Copy everything in the listing below word for word, apart from any images.

[[ EXTRACTED ENTRIES open ]]

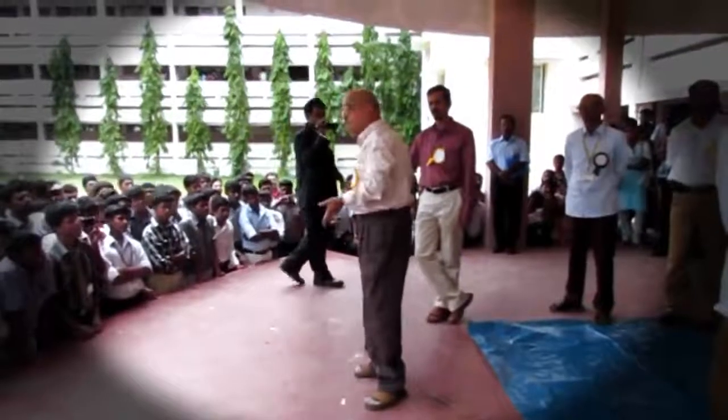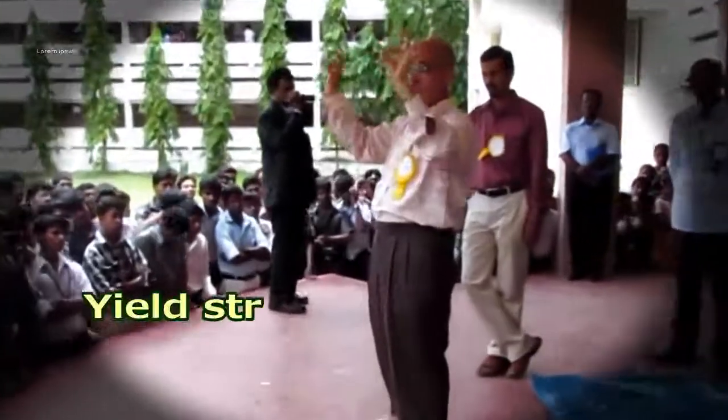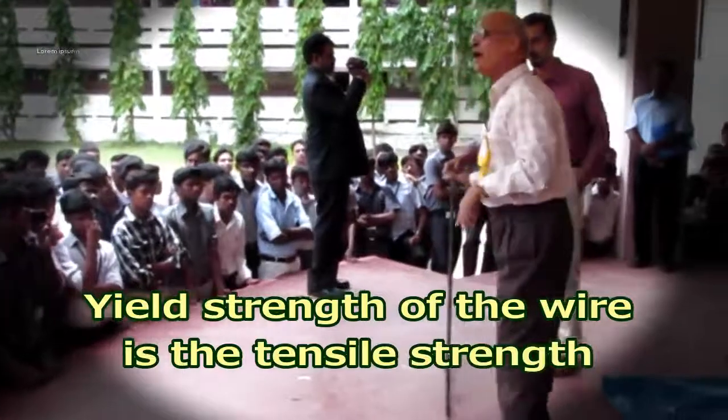The ultimate tensile strength of ferrosomine is that of the wire strength. The wire is the tensile strength. That is why it has very high tensile strength.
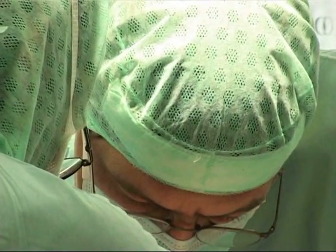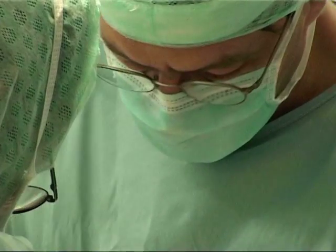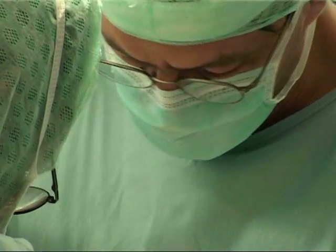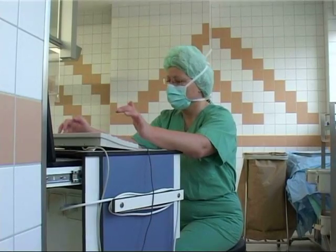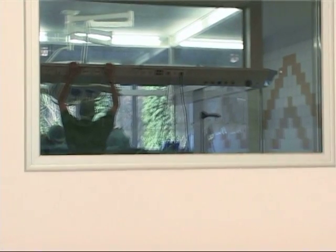After having drilled the channel, we insert the prosthesis from the front. The prosthesis itself has a rough surface so that the bone will grow over the surface of the implant. This occurs within the first six to eight weeks after surgery.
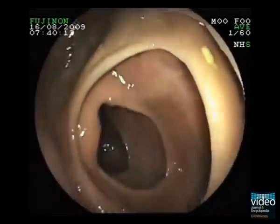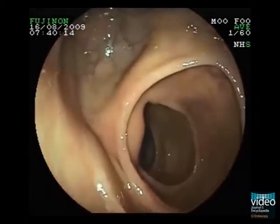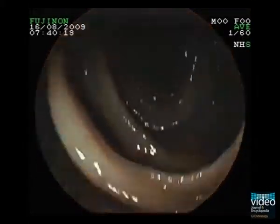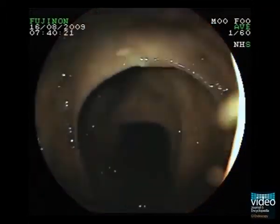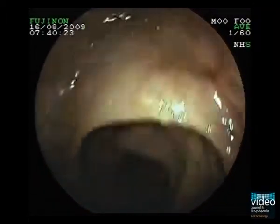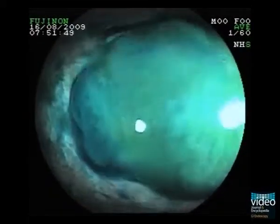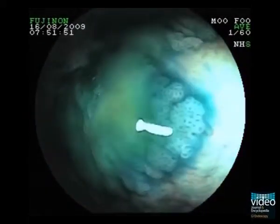Apart from this finding, withdrawal of the endoscope is pretty uneventful. Now we get back to the lesions in the cecum after dye spraying. We see abundant surface mucus and the characteristic pit pattern of serrated lesions — the so-called kudotype 2 pattern with stellate and papillary pits.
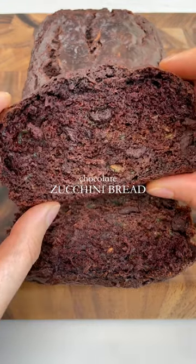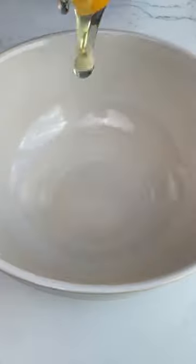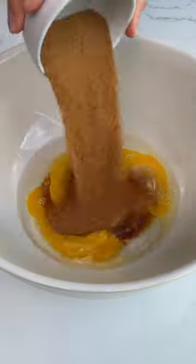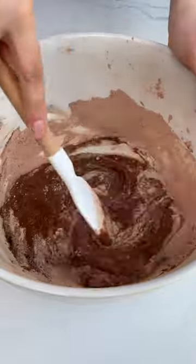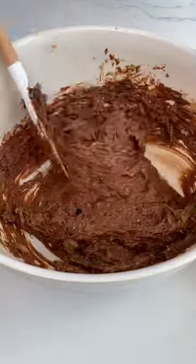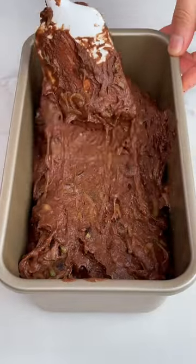If your garden is overflowing with zucchinis, or you just love moist chocolatey bread, this recipe is for you. I love using zucchini in baked goods — it adds a wonderful texture and moistness, helps bulk up cakes, breads, and muffins to boost the nutrition, and it has a mild enough flavor that it pairs well with everything. This chocolate zucchini bread is a staple recipe I make multiple times every summer. Hope you enjoy!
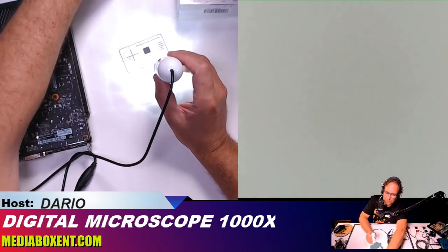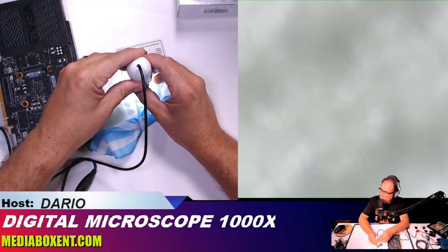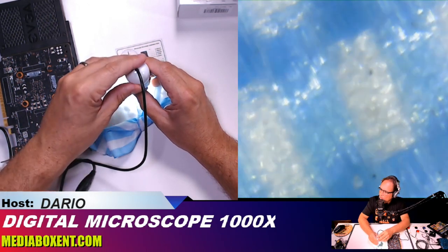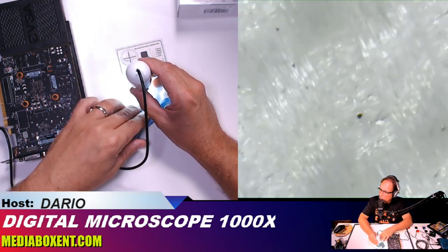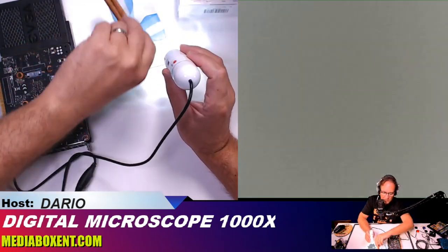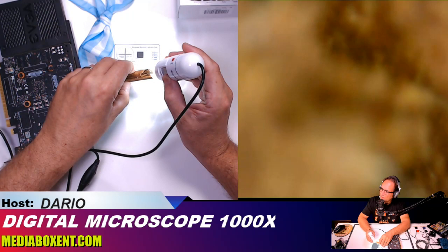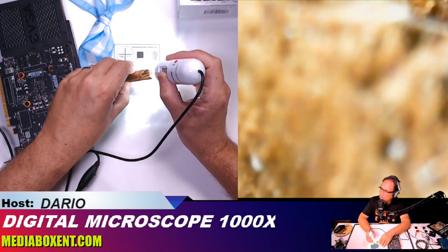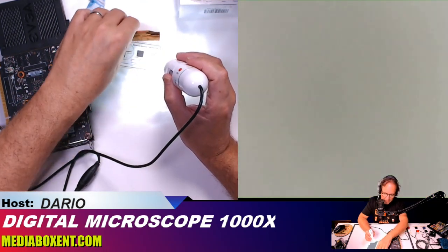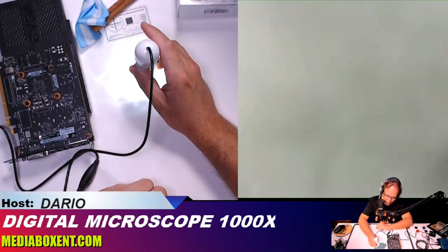Now let's look at a piece of fiber. So this is a piece of fiber. You can use this to inspect fiber, or even a collector's coin. You can see there's some hair in the fiber too. It's good for inspecting anything — let's take a quarter and inspect the coin.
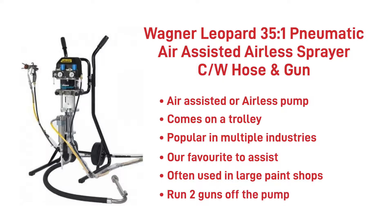Two guns can be run off these pumps and they can cope with 1K and 2K paint systems. With a large hearty pump it can satisfy the production manager's demands and ease the painter's pressure, while also achieving the fine finishes and intricate tasks that find their way into the paint shop.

[[ EXTRACTED ENTRIES closed ]]

RESPONSE TO THE EXERCISE >>
The ultimate tensile strength of ferrosomine is that of the wire strength. The wire is the tensile strength. That is why it has very high tensile strength.
After having drilled the channel, we insert the prosthesis from the front. The prosthesis itself has a rough surface so that the bone will grow over the surface of the implant. This occurs within the first six to eight weeks after surgery.
Apart from this finding, withdrawal of the endoscope is pretty uneventful. Now we get back to the lesions in the cecum after dye spraying. We see abundant surface mucus and the characteristic pit pattern of serrated lesions — the so-called kudotype 2 pattern with stellate and papillary pits.
If your garden is overflowing with zucchinis, or you just love moist chocolatey bread, this recipe is for you. I love using zucchini in baked goods — it adds a wonderful texture and moistness, helps bulk up cakes, breads, and muffins to boost the nutrition, and it has a mild enough flavor that it pairs well with everything. This chocolate zucchini bread is a staple recipe I make multiple times every summer. Hope you enjoy!
Now let's look at a piece of fiber. So this is a piece of fiber. You can use this to inspect fiber, or even a collector's coin. You can see there's some hair in the fiber too. It's good for inspecting anything — let's take a quarter and inspect the coin.
Two guns can be run off these pumps and they can cope with 1K and 2K paint systems. With a large hearty pump it can satisfy the production manager's demands and ease the painter's pressure, while also achieving the fine finishes and intricate tasks that find their way into the paint shop.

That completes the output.